Attention to Detail
The funny thing about the first few days of a New Year is that I catch myself looking forward quite often. There’s nothing wrong with looking forward, just as there’s nothing wrong with looking back towards where you’ve been, as long as you’re grounded in the present. One of the things I love about Mary Oliver poems is her focus on the things in daily life that you might miss if you’re not paying attention. Shell fragments on the beach become a story in a poem that makes me think of a walk on the beach in a different way. The poet, teaching us how to see:
“I go down to the edge of the sea.
How everything shines in the morning light!
The cusp of the whelk,
the broken cupboard of the clam,
the opened, blue mussels,
moon snails, pale pink and barnacle scarred—
and nothing at all whole or shut, but tattered, split,
dropped by the gulls onto the gray rocks and all the
moisture gone.
It’s like a schoolhouse
of little words,
thousands of words.
First you figure out what each one means by itself,
the jingle, the periwinkle, the scallop
full of moonlight.
Then you begin, slowly, to read the whole story.”
– Mary Oliver, Breakage
The other day while leaving Cape Cod I was so caught up in getting things packed up to get to work that I missed an opportunity to go to the dump.
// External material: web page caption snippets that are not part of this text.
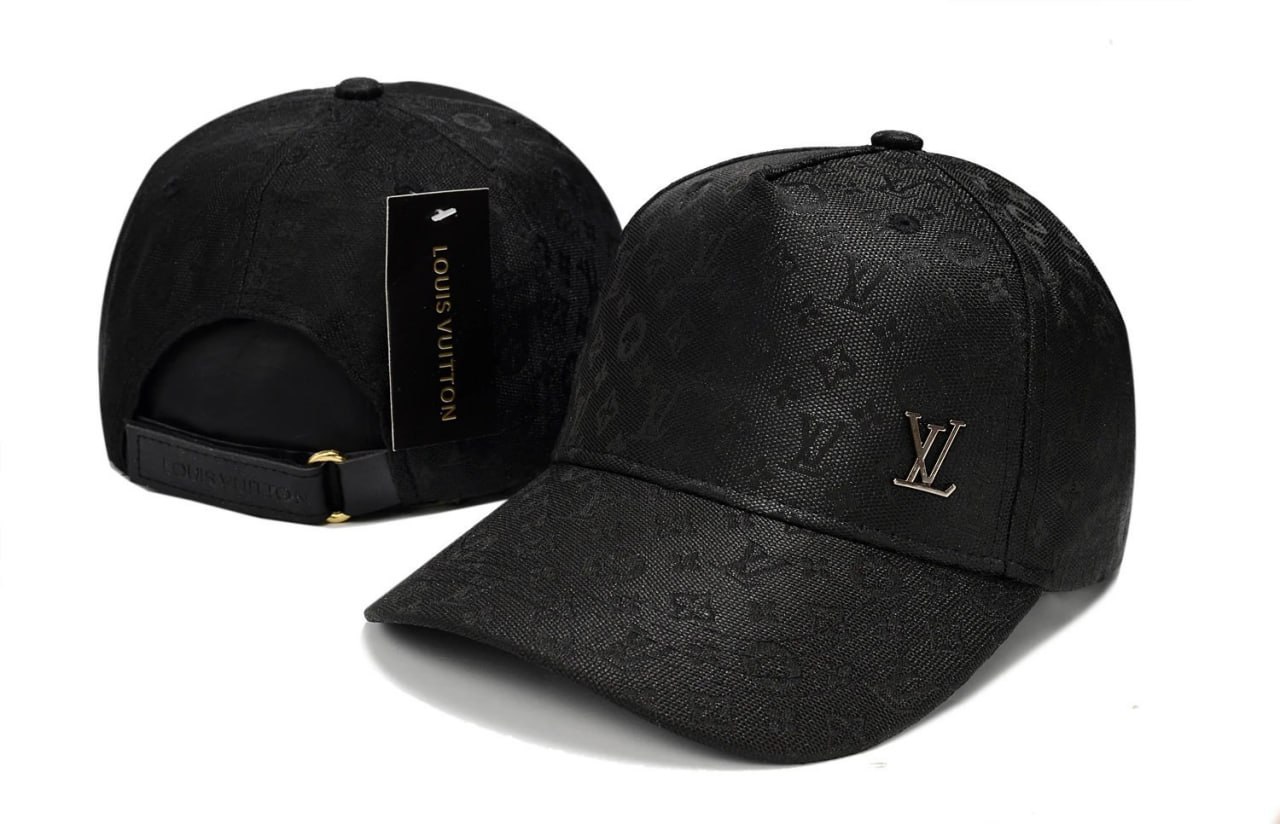 LV CAP -2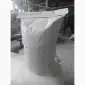 Продам муку пшеничную первого сорта - фото № 1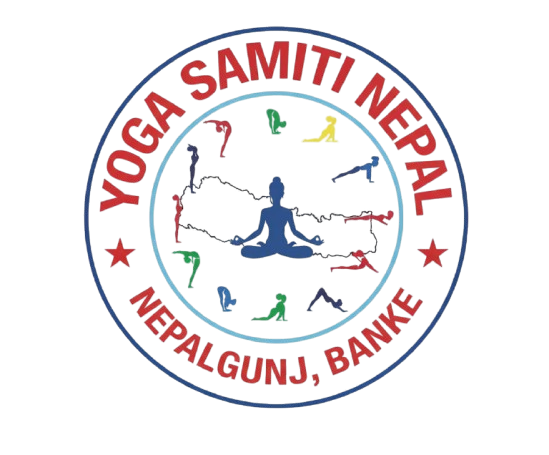 Yoga Logo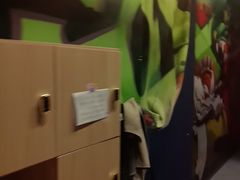 -Max乐狐·密室逃脱(港惠店)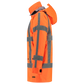 Tricorp Safety Jassen 403005-TPG3001 HiVis- RWS fluo-oranje(fluororange)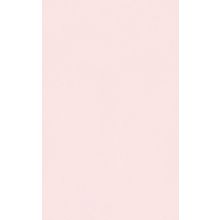 KERAMA MARAZZI 6306 Петергоф розовый 25х40х8
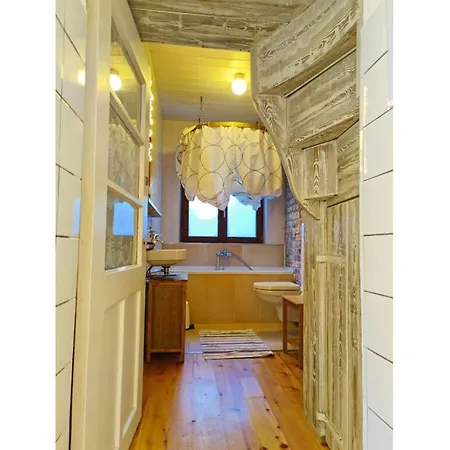 Ξενοδοχείο Cheese Kitchen 3*
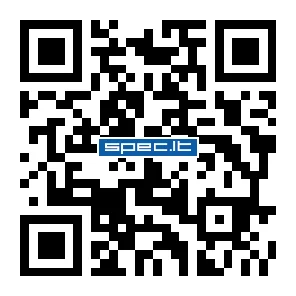 QR kodas | Invizija, UAB
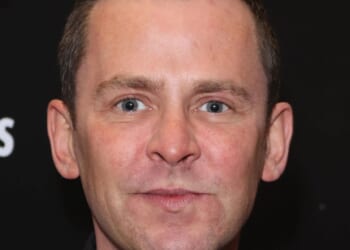 BBC sacked Scott Mills 'after learning teen in police sex offences probe was aged under 16'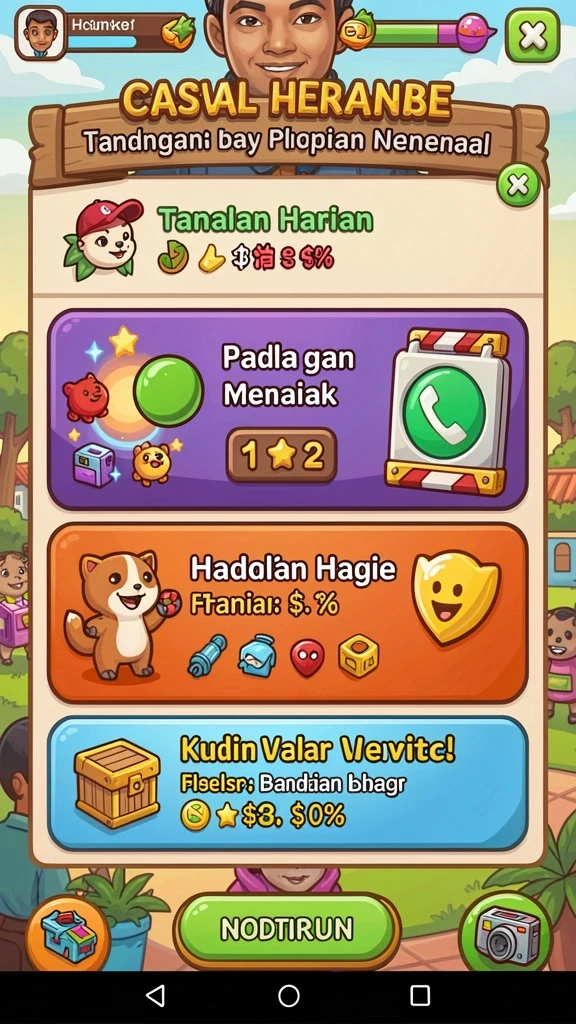 Screenshot spinbet99 nomor 2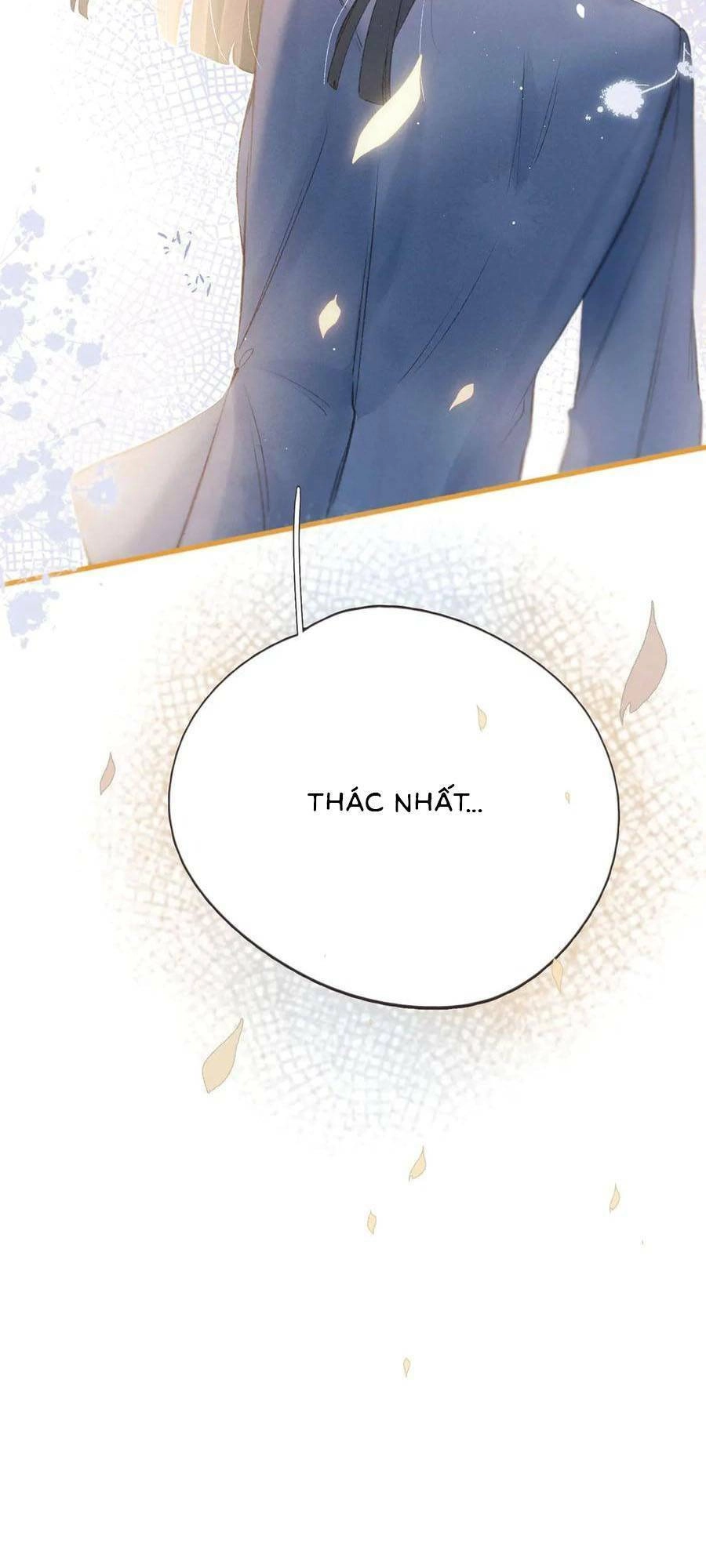 Vũ Xuyên Vật Ngữ Chapter 1 - 51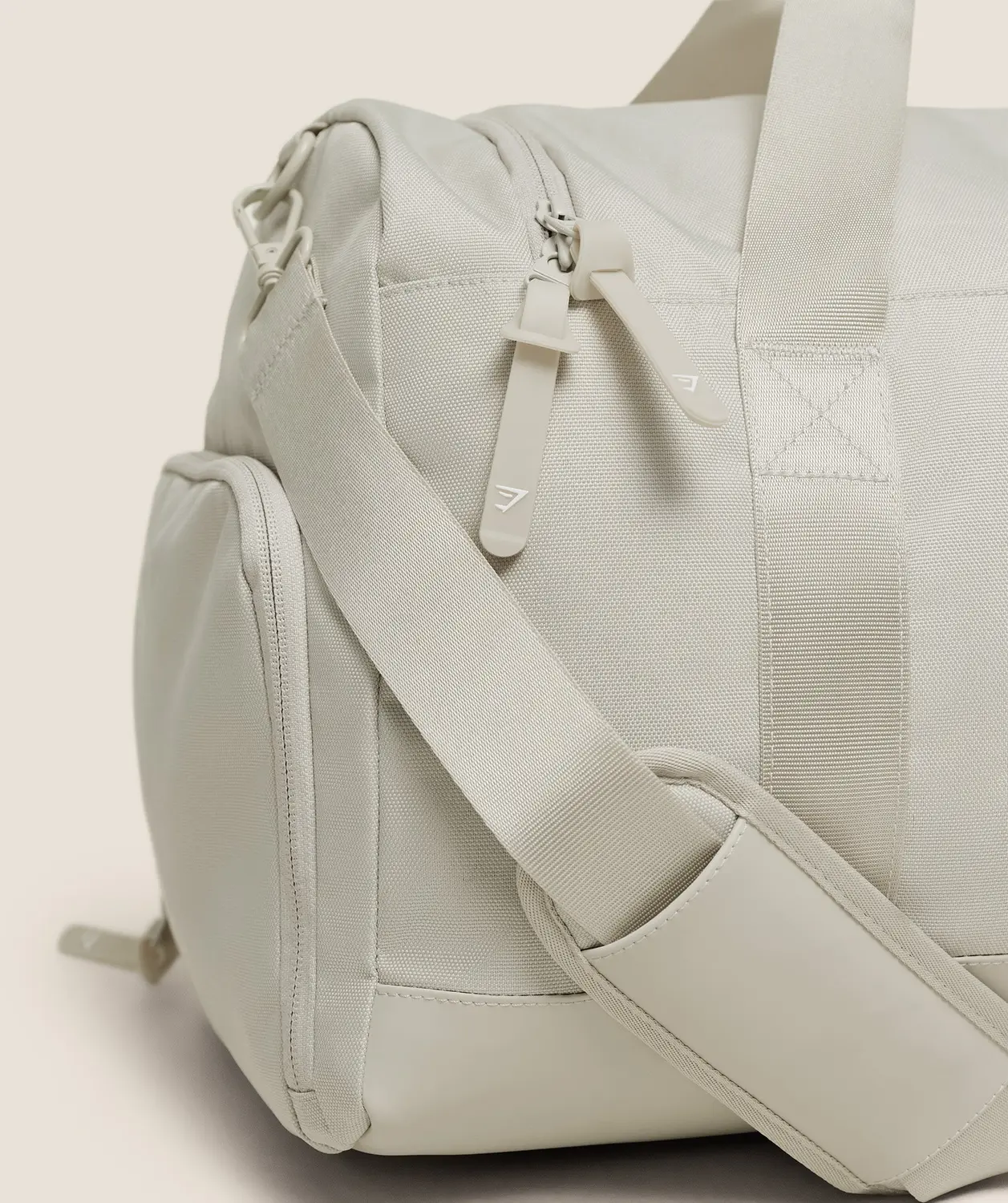 Everyday Holdall Medium - Image 3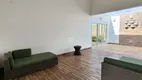 Foto 47 de Casa de Condomínio com 3 Quartos à venda, 160m² em São Venancio, Itupeva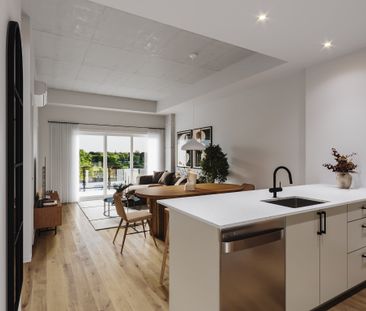500 Tsse Turnbull, Lavaltrie, QC J5T - Photo 6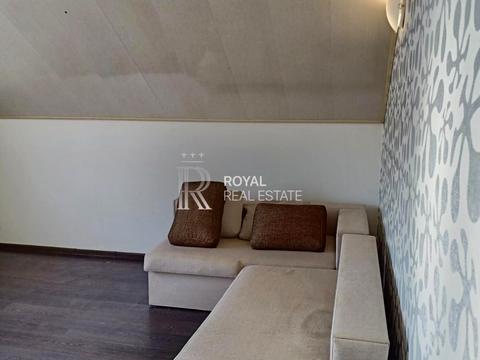 будинок за адресою Першотравнева вул.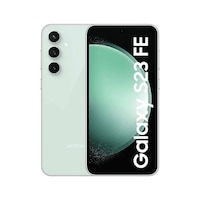 Yenilenmiş Samsung Galaxy S23 FE 128 GB B Kalite (12 Ay Garantili) Yenilenmiş Samsung Galaxy S23 FE 128 GB B Kalite (12 Ay Garantili)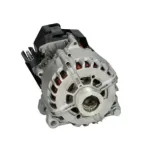 VALEO 439864 Alternador arrancador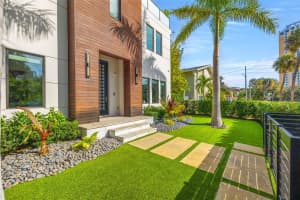 103 5TH AVENUE, ST PETERSBURG, FL 33701 - MLS#MFRTB8313332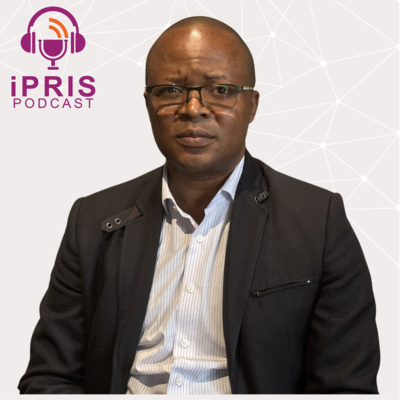 Spectrum Management in Central Africa: Insights from Wilson Bokatola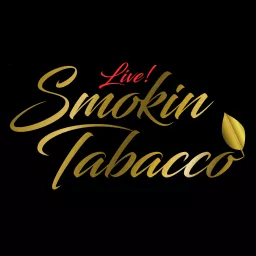 Smokin Tabacco Podcast artwork
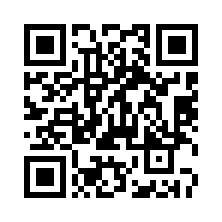 QR Code for 1FXfvSBhpUHdL3C2vAt7wtdYLBzwmdb96S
Now don’t get me wrong, going to the dump in and of itself is not my favorite activity. But going to the dump with my favorite Navy pilot, well, that’s a different story. But I was so focused on checking boxes and getting tasks done that I let him go off to bring the trash to the transfer station on his own, missing the chance to spend 30 minutes talking about nothing and everything. Moments like that are available if you pay attention, and slip away when you don’t. I’ll regret the lost opportunity, and have already forgotten what was so important for me to get done that I passed it up.
We’re all a work in progress, sometimes things just fall into place and we’re focused on the things that matter most, and sometimes we’re looking the wrong way when the magic moment happens. All we can do is keep chipping away at it, one small bit at a time. I know I’m a much better human than I was ten years ago, and better still than I was twenty years ago. Incremental progress isn’t as stunning as immediate transformation, but the Ebenezer Scrooge kind of overnight transformation isn’t the way most change happens.
“Every action you take is a vote for the type of person you wish to become.” – James Clear
So I keep taking action, one step forward and sometimes two steps back. But in general I see incremental improvement. Learn from the mistakes, change our action next time if lucky enough to be offered a similar opportunity in the future. Do those things now that matter most. That starts with getting out of your own head and paying attention. Begin, slowly, to read the whole story.